Gemini Observatory provides critical rapid follow up observations of a Fast Radio Burst — one of modern astronomy’s greatest enigmas. These observations provide the first details on a burst’s distant extragalactic host.
Fast Radio Bursts (FRBs), sudden rapid explosions of energy from space, have challenged astronomers since their discovery in 2007. Typically lasting only a few milliseconds, many questions remain, including what powers these bursts, their distance beyond our galaxy, and what their host galaxies might look like.
“Now, thanks to deep Gemini observations, we know that at least one of these FRBs originated in a discrete source within a distant dwarf galaxy located some three billion light-years beyond our Milky Way Galaxy,” said Shriharsh Tendulkar of McGill University in Montreal, Canada.
Tendulkar and an international team of astronomers presented the results today at the 229th meeting of the American Astronomical Society in Grapevine, Texas.
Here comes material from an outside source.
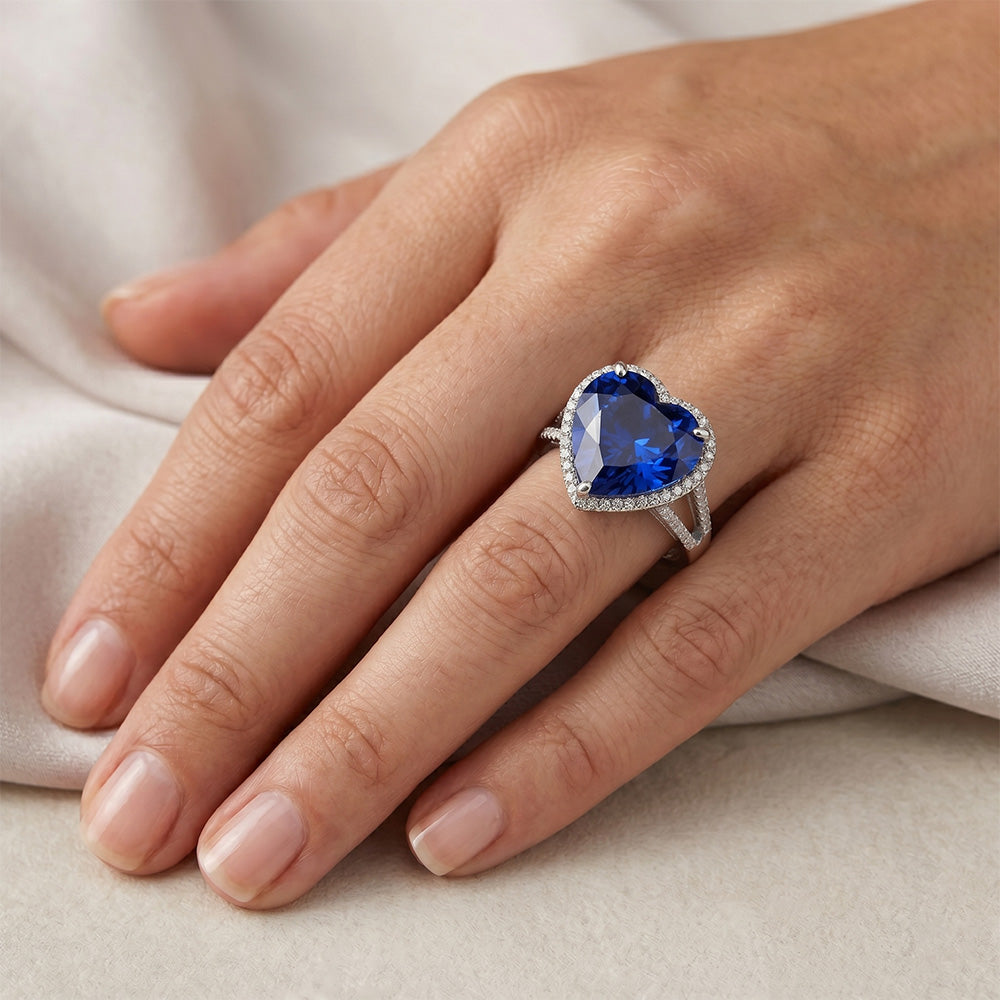 Heart Sri Lanka Sapphire Natural Earth Mined Diamond ( Not Lab Grown ) s White Gold 14K Ring 9.50 Carats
The characterization of the host galaxy was published in The Astrophysical Journal Letters, and accompanied the research team’s results on a campaign to precisely locate the FRB, published in the journal Nature.
The story began with the detection of a burst denoted FRB 121102 which was discovered in November of 2012 at the Arecibo Observatory in Puerto Rico. However, unlike the other 17 known FRBs, this one repeated itself and allowed astronomers to watch for it using the National Science Foundation’s Karl G. Jansky Very Large Array (VLA). The VLA radio telescope, composed of 27 antennas in New Mexico, has the ability to see the fine detail necessary to precisely determine the object’s location in the sky.
In 83 hours of observing time over six months in 2016, the VLA detected nine bursts from FRB 121102. “For a long time, we came up empty, then got a string of bursts that gave us exactly what we needed,” said Casey Law, of the University of California at Berkeley.
“The VLA data allowed us to narrow down the position very accurately,” said Sarah Burke-Spolaor, of the National Radio Astronomy Observatory (NRAO) and West Virginia University.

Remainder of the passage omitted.